You’ll need new furniture to display your wares - podiums, benches, hat stands, weapon stands, shelves - though the game doesn’t tell you what can go on which thing, and it appears to arbitrarily and non-intuitively restrictive. Basic swords don’t go on weapon stands, but benches - and only on one side of them at that. You can’t move furniture once placed, only delete them and rebuy them at great cost. And you can only buy and place furniture when your shop is closed, which would be fine if I could work out how to close my shop. It has only ever happened once, and I have no idea why - it doesn’t seem to be related to the day night cycle. I found a way around this, however: save the game (by pressing 5 and then M, obviously), quit and reload, and the game restarts in a shop-closed state, allowing you to put everything in order. This strategy has its flaws: the game has, on occasion, simply failed to save and lost me days of tediously won progress.
This is annoying mostly because things threaten to become interesting only when you have a chunk of change set aside: in the early days of your business, you are beholden to a pretty linear set of decisions about what to buy, as that is all you can afford. With 10,000 in your pocket, you can expand your shop in one of several directions, double down on your quantity of stock, upgrade to fancier items, or buy more robot assistants to fry would-be thieves. There’s also a tech tree which allows you to add an electric security gate to the front of your store, attract richer customers, or force them to buy two items instead of one.

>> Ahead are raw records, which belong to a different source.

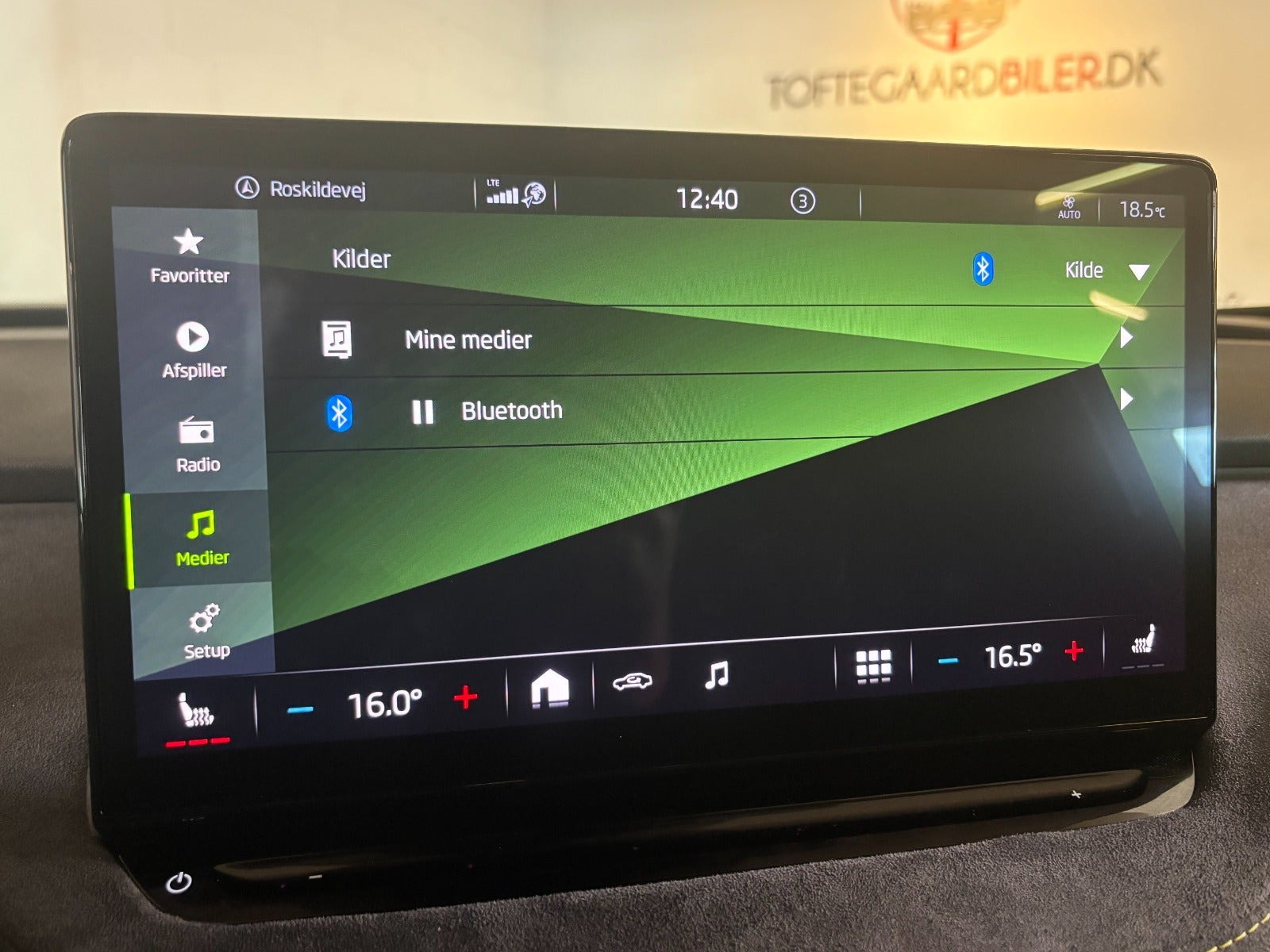 Sort Skoda Enyaq fra 2023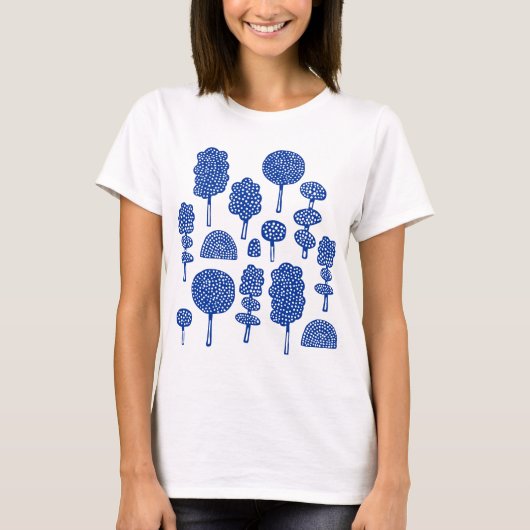 Arboretum 230715 – ネイビーブルー tシャツ (正面)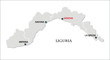 Vektor: Liguria Italia Liguria Italia
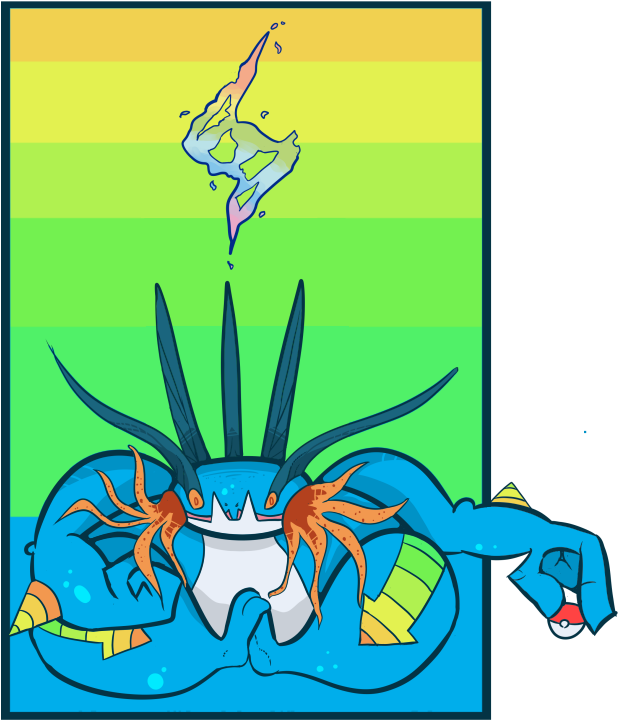 Mega Swampert - Parchment (635x755), Png Download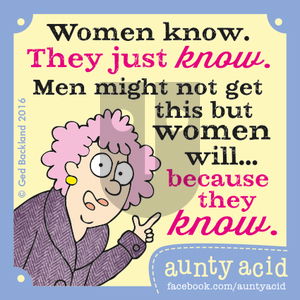 Aunty Acid on Sunday April 10, 2016 Comic Strip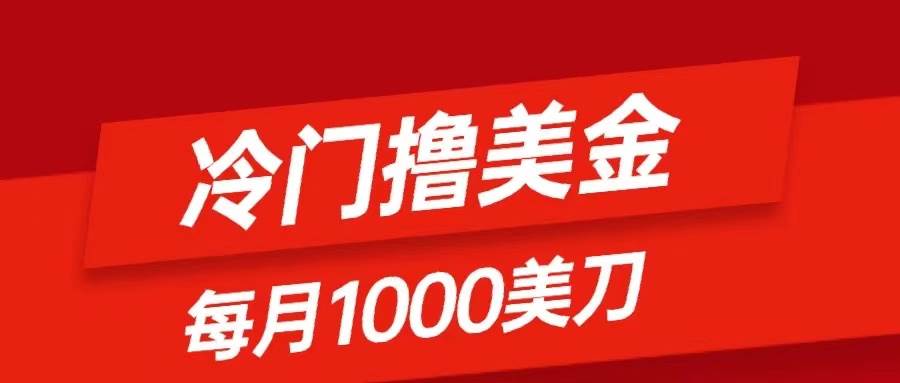 冷门撸美金项目：只需无脑发帖子，每月1000刀，小白轻松掌握泓锦前程-网创项目资源站-副业项目-创业项目-搞钱项目泓锦前程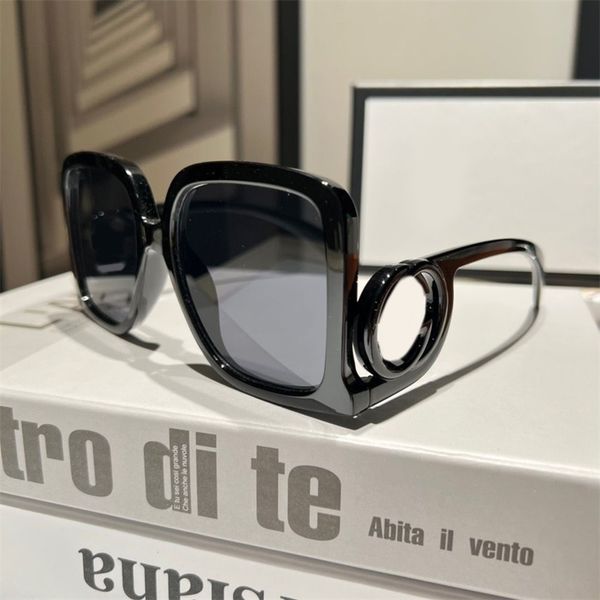 

letter mens designer sunglasses luxury sun glasses men trendy classical summer gafas de sol uv protect black simple hip hop beach sunglasses, White;black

None of this quite manages to elevate the game from uniform drudgery, however - though I have hopes that it may as the game trundles onwards through Early Access. Currently, selectable “Quests” appear to challenge you to sell specific items, which you were probably going to do anyway at some point. Expanding your shop doesn’t materially change the nature of the decisions you make - of which there are precious few anyway - and by the time you can afford such expansion the tech tree is almost entirely unlocked, very little of which does more than massage numbers behind the scenes. Is there more subtlety to the game than first appears? Does the placement of items, say, make people more likely to buy them? Do customers tend to want things at different times of day? Is there any dynamism to the economy that might make this anything other than a linear accumulative grind hampered by makework? If there is, it needs to be placed front and centre. If there isn’t, it might be time for Shoppe Keep to sit back and take stock.
Shoppe Keep is available from Steam for £4. I played the version with the Build ID 771433 on 12/09/2015.